[Data for analysis]
____
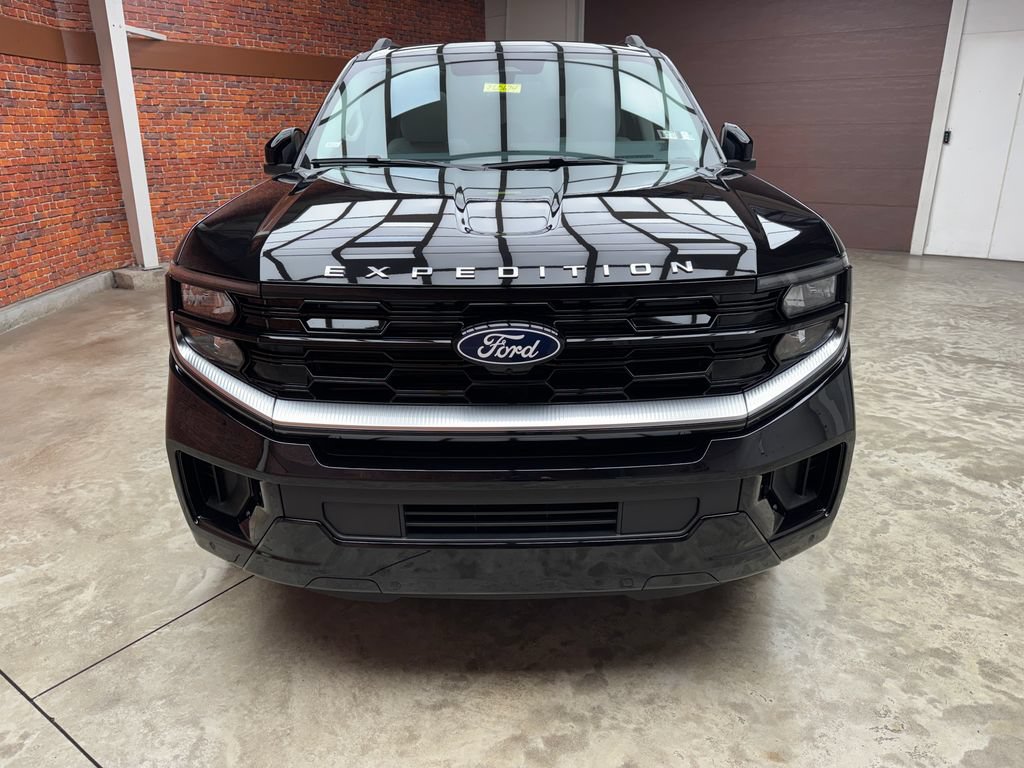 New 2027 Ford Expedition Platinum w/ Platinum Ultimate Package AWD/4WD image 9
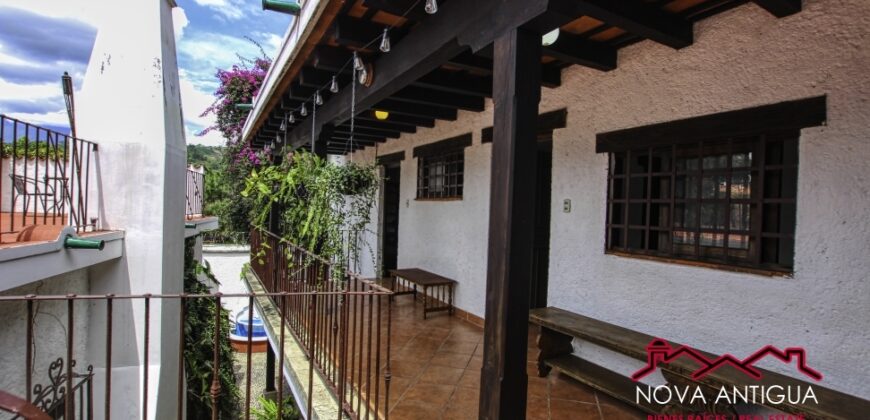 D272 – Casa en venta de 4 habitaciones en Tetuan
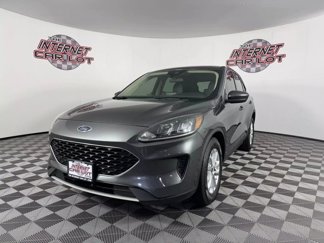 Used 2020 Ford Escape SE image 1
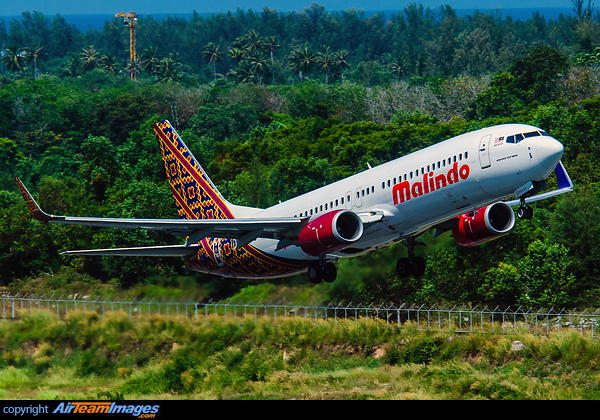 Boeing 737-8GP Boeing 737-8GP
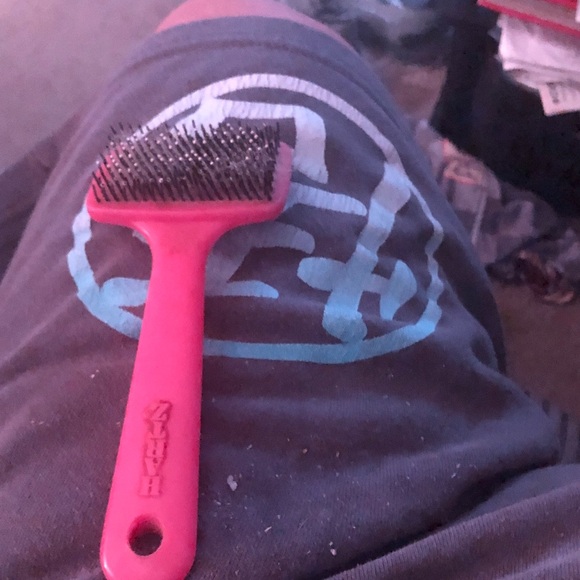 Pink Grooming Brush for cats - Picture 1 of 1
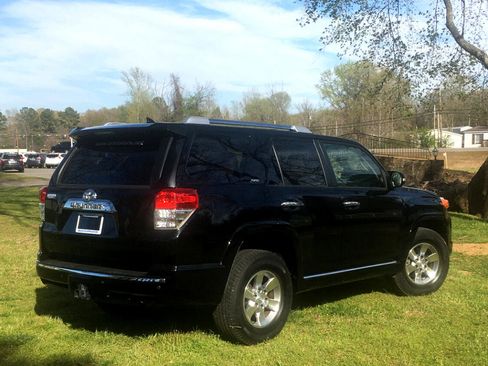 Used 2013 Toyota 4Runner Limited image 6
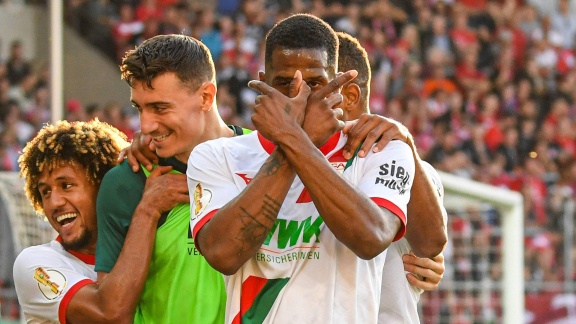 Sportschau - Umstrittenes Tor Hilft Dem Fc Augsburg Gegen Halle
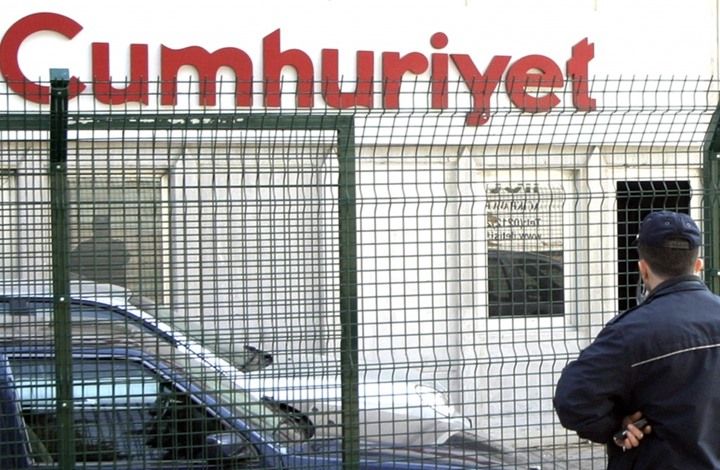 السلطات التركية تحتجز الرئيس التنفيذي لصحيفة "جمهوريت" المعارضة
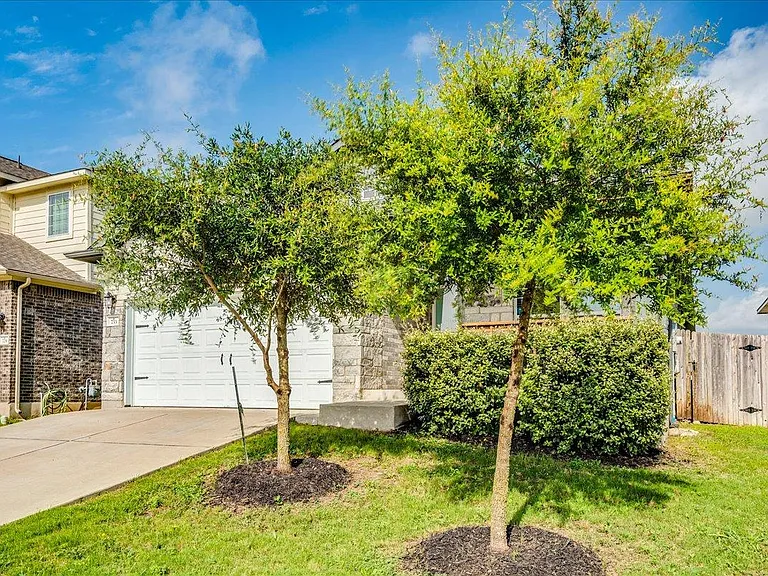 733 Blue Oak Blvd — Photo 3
____
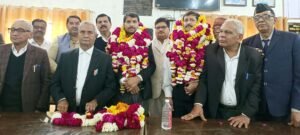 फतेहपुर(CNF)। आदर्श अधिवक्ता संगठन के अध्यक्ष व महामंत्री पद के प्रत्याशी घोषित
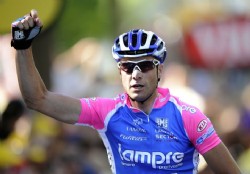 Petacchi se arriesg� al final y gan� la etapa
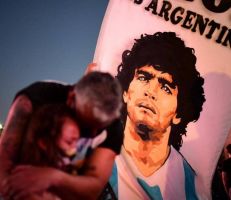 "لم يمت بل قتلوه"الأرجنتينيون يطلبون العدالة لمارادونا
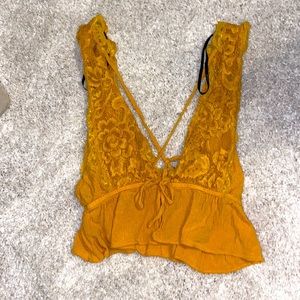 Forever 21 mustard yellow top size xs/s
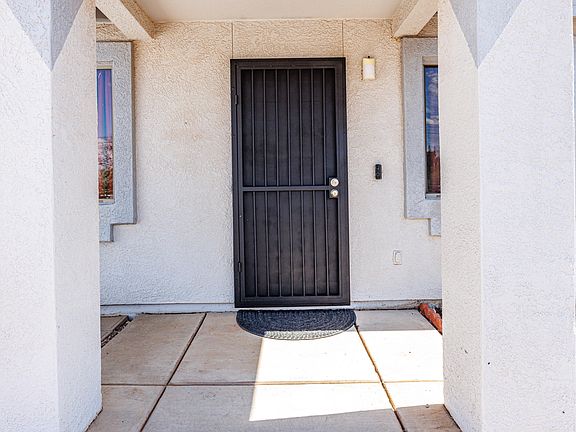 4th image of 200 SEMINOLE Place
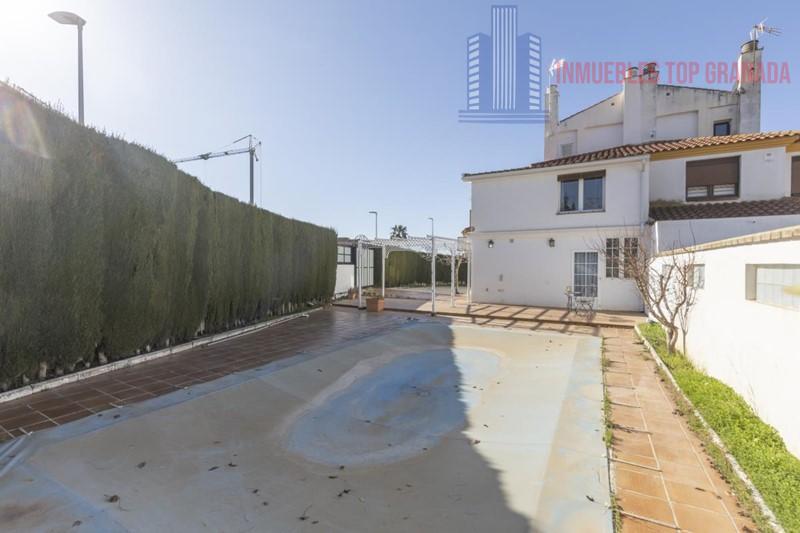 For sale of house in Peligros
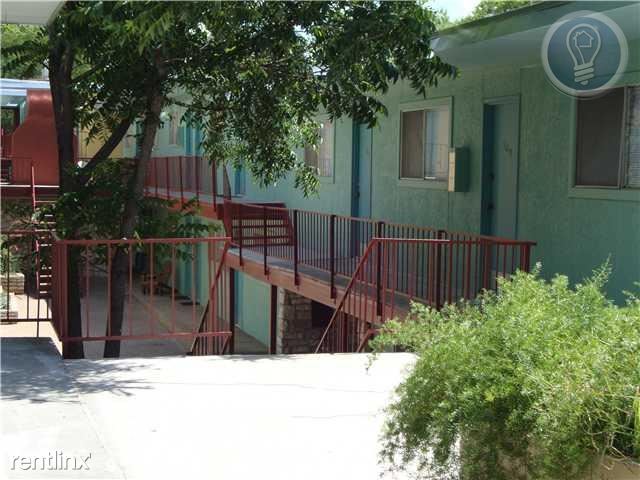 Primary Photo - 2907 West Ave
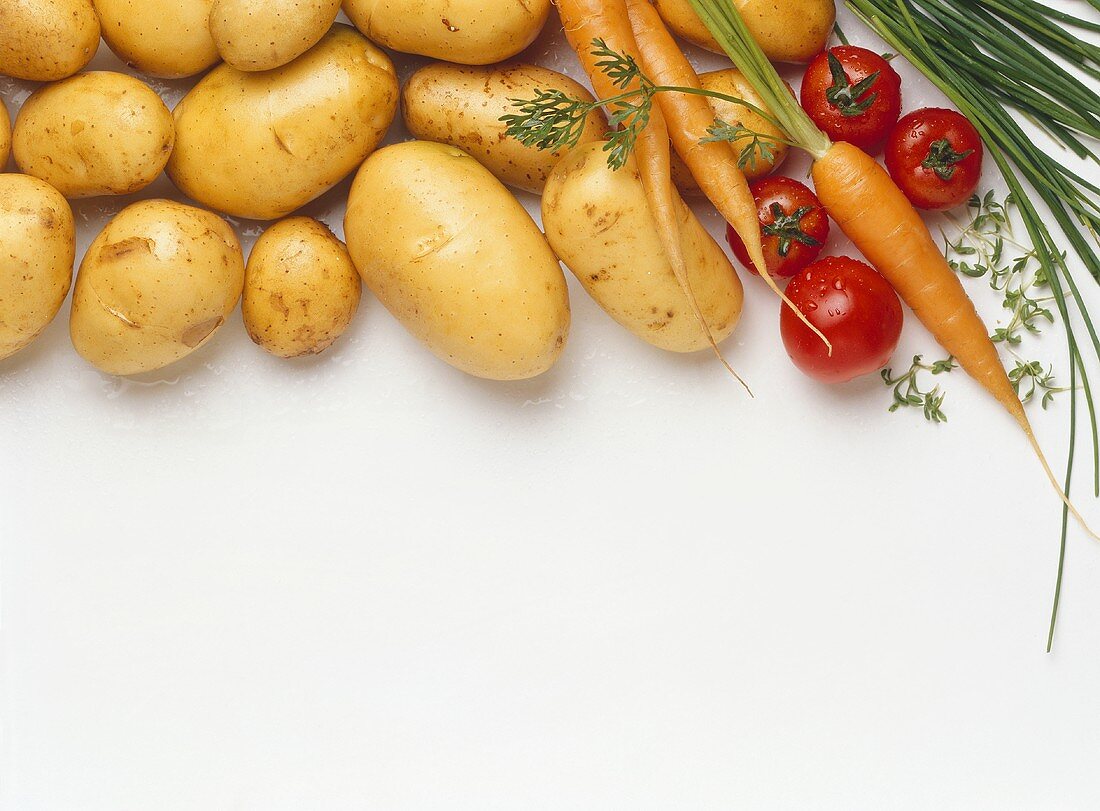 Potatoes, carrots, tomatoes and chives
____
[Exercise prompt]
Nothing but the lines from the one with "السلطات التركية تحتجز" to the one with "733 Blue Oak Blvd — Photo 3" above, both included, should be transcribed, exactly and without pictures.

[Written response]
 السلطات التركية تحتجز الرئيس التنفيذي لصحيفة "جمهوريت" المعارضة
 733 Blue Oak Blvd — Photo 3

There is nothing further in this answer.